First of all, there is no "The mempool". Every full node has an individual mempool, and as these contain no transactions that are already in blocks (confirmed transactions), by definition nodes cannot be guaranteed to have agreement about it. So, what you're looking at it blockchain.info's mempool, which may or may not be similar to that of other nodes.
What can cause differences between mempools? One obvious example is in the case of a double spend: no conflicting transactions are allowed in it, so if two distinct transactions which spend the same inputs are broadcast into different places of the network, some will accept one, others will accept the other, based on which they hear first. That's not the only difference, though. Nodes can also have different mempool acceptance policies.
A node's mempool is ultimately its expectation for what transactions may reasonably confirm in the short to medium term. Good mempool acceptance policies are trying to model that expectation. If a transaction's fee is very low, it may not be worth keeping around if there are plenty of higher fee transactions to mine first.
And that is the basis for the mempool DoS protection that was added in Bitcoin Core 0.12. Roughly, whenever the mempool's memory usage goes over a certain preconfigured size (the -maxmempool
setting), we kick out the transactions with the lowest feerate, and (temporarily) increase the minimum feerate to get in in the future to that of the evicted ones. That solves the issue of unbounded memory usage.
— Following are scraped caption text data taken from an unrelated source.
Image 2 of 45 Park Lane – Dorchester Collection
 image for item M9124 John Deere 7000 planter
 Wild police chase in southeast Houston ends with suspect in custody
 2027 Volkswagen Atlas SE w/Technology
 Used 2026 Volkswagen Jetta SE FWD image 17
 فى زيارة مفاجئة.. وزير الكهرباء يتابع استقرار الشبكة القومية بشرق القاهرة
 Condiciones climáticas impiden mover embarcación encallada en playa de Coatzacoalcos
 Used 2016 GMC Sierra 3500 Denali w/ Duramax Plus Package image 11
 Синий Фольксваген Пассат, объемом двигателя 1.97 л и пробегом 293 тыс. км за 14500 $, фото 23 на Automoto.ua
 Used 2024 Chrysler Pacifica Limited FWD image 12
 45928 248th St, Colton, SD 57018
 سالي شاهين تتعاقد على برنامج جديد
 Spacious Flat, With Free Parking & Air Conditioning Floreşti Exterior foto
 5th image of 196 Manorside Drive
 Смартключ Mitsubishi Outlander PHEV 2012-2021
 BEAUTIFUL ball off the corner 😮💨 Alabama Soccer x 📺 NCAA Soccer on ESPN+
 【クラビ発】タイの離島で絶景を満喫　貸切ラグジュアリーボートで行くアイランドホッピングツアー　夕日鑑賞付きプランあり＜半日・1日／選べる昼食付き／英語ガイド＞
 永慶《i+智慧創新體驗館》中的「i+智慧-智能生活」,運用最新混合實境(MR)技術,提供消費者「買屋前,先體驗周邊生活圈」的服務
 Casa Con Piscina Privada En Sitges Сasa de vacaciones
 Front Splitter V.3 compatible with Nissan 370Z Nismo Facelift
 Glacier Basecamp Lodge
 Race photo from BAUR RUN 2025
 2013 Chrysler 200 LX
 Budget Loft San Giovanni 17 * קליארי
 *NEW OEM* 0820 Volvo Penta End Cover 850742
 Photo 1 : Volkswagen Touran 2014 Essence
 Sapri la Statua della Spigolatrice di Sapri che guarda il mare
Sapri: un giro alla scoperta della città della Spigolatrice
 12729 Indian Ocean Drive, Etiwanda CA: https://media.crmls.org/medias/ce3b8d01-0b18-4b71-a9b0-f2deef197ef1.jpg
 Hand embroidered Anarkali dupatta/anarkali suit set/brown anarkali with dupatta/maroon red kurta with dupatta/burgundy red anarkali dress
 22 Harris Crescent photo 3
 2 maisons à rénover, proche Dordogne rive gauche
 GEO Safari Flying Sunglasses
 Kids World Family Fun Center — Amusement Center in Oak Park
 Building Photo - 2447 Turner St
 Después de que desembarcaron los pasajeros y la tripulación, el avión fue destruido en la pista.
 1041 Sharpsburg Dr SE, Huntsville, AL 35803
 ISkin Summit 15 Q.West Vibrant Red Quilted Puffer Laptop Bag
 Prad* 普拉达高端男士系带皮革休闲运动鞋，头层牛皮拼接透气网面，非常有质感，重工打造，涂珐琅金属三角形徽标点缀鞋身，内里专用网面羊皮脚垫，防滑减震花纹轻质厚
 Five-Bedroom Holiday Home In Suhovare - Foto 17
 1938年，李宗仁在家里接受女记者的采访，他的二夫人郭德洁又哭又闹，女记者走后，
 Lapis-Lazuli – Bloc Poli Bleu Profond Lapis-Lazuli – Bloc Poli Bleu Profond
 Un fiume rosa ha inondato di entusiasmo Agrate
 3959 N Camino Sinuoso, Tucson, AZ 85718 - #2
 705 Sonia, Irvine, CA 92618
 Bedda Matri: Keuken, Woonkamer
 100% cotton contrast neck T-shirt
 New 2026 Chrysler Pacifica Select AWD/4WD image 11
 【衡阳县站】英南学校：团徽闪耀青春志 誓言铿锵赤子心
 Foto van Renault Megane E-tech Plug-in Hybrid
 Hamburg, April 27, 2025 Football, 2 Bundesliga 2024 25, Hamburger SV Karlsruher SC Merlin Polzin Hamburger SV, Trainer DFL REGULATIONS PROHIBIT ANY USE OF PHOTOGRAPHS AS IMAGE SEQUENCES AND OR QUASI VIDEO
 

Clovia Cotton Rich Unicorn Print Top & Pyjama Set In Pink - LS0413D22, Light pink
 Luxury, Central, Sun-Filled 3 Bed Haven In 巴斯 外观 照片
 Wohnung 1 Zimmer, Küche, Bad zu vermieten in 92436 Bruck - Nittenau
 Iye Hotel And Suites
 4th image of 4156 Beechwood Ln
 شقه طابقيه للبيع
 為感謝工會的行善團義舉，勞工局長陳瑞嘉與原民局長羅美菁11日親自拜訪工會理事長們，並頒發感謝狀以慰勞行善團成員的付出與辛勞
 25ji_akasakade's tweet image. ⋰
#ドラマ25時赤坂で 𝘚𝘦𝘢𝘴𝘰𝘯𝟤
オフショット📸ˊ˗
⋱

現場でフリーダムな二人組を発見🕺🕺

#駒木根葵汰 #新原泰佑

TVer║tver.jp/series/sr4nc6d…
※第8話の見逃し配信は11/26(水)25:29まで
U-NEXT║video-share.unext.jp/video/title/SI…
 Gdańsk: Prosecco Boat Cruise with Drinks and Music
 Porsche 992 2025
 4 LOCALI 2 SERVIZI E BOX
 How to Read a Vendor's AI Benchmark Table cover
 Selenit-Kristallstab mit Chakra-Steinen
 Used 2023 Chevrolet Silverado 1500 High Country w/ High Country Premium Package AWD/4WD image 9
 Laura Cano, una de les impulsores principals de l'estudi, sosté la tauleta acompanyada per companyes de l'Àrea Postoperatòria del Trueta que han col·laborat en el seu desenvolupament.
But what about bandwidth? Things like BIP125 and this eviction described above essentially result in the ability to keep broadcasting transactions, and have them be accepted and replace other transactions, without really paying anything. I say paying here, because the fundamental rule we base mempool policy decisions on is that since we expect transactions in the mempool to confirm, and thus pay their fee. Thus, we'd want a rule that whenever something is evicted from the mempool (for whatever other reason than it confirming), something else pays "something" for that relay. In practice this is accomplished by having a separately configured relay feerate (which does not change when the mempool is full), that specifies the "price" for relay. In the case of mempool eviction, the new transaction(s) must pay at least that relay fee more than the fee of the replaced ones.